Published: 4 July 2014

Abstract

Background

Hypocalcaemia, defined by serum calcium level less than 8.5 mg/dl, could be caused by human immunodeficiency virus (HIV) and diarrheal diseases. In Ethiopia, while morbidities from diarrheal diseases and HIV are serious health problems, studies assessing the interactions amongst of the three do not exist. Therefore, the present study was undertaken to investigate the level of calcium among diarrheic patients with and without HIV co-infection.

Methods

Consecutive diarrheic patients attending Gondar University Hospital in Ethiopia were enrolled and screened for HIV, intestinal parasites, Shigella and Salmonella. Concentration of calcium in serum was determined using an inductively coupled plasma mass spectrometer.

Results

A total of 206 diarrheic patients were included in the study (109 = HIV positive, 97 = HIV negative). Intestinal parasites and Shigella species were detected in 32.2% and 8.5% of the patients, respectively. The serum calcium levels in the patients who were found positive for Shigella species or intestinal parasites was not significantly different by the presence or absence of HIV co-infection. HIV infected diarrheic patients had significantly lower mean serum calcium levels (7.82 ± 1.23 mg/dl) than those negative for HIV (8.38 ± 1.97) (P = 0.015). The age groups 25–35 and greater than 45 years showed significantly lower mean serum calcium levels (7.77 ± 1.55 mg/dl) in comparison to the other age groups (7.84 ± 1.41 mg/dl, P = 0.009).
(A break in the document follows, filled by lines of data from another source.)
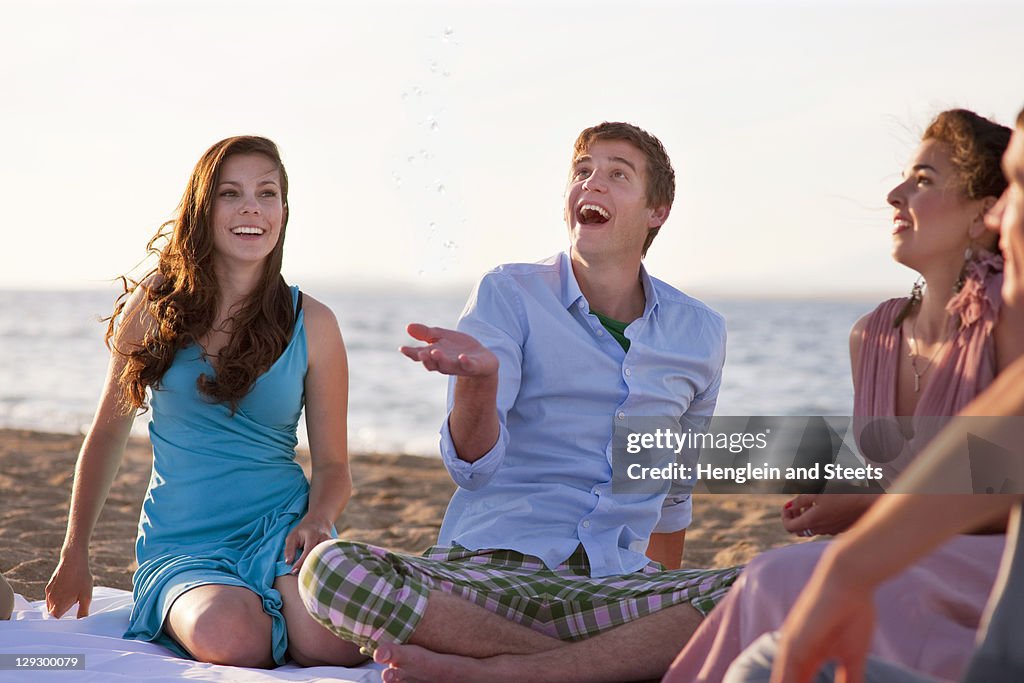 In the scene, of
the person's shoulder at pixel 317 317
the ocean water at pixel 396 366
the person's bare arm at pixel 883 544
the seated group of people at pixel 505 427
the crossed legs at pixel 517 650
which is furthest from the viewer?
the ocean water at pixel 396 366

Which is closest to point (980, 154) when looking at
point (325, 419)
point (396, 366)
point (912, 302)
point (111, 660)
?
point (912, 302)

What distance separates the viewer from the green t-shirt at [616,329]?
362 cm

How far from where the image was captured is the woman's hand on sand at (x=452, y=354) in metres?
2.76

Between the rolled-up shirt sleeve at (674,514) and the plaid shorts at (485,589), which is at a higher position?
the rolled-up shirt sleeve at (674,514)

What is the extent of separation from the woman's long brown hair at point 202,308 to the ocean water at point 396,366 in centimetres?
809

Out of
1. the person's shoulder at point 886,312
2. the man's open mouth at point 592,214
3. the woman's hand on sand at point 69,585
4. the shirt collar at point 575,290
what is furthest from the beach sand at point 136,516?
the person's shoulder at point 886,312

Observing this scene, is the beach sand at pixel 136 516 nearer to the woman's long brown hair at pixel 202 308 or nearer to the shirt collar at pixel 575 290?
the woman's long brown hair at pixel 202 308

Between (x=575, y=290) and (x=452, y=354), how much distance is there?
85 cm

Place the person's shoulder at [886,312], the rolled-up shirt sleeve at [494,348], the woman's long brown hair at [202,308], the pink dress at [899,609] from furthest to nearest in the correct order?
the woman's long brown hair at [202,308] → the rolled-up shirt sleeve at [494,348] → the person's shoulder at [886,312] → the pink dress at [899,609]

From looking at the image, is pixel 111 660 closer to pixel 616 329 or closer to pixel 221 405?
pixel 221 405

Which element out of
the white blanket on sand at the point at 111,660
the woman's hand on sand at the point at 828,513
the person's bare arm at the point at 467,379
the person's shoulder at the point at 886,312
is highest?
the person's shoulder at the point at 886,312

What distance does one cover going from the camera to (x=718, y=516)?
695cm

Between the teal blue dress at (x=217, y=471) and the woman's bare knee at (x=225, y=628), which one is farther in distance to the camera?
the teal blue dress at (x=217, y=471)

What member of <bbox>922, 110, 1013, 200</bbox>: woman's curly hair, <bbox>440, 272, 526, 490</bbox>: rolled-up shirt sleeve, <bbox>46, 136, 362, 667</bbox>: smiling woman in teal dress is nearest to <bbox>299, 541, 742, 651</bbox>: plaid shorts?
<bbox>440, 272, 526, 490</bbox>: rolled-up shirt sleeve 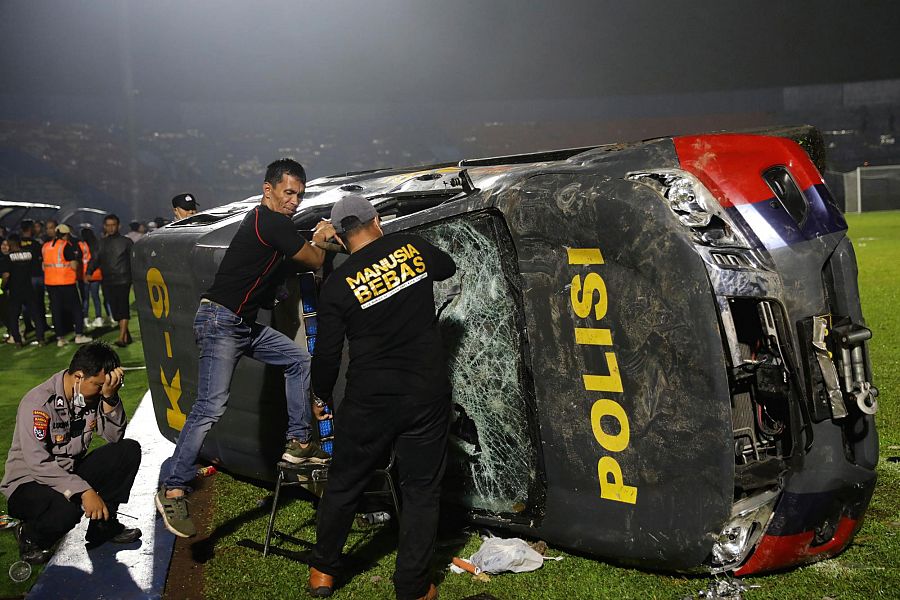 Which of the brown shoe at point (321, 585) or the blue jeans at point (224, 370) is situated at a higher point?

On the other hand, females presented with significantly lower mean serum calcium levels (7.79 ± 1.60 mg/dl, P = 0.044) than males (8.26 ± 1.65 mg/dl).

Conclusion

There is high prevalence of hypocalcaemia among diarrheic patients in northwest Ethiopia. And HIV stood out to be a major risk factor for development of hypocalcaemia among the diarrheic patients in northwest Ethiopia. Further studies are required to substantiate and characterize the mechanisms and consequences of calcium metabolism disorders among HIV infected individuals in the study area.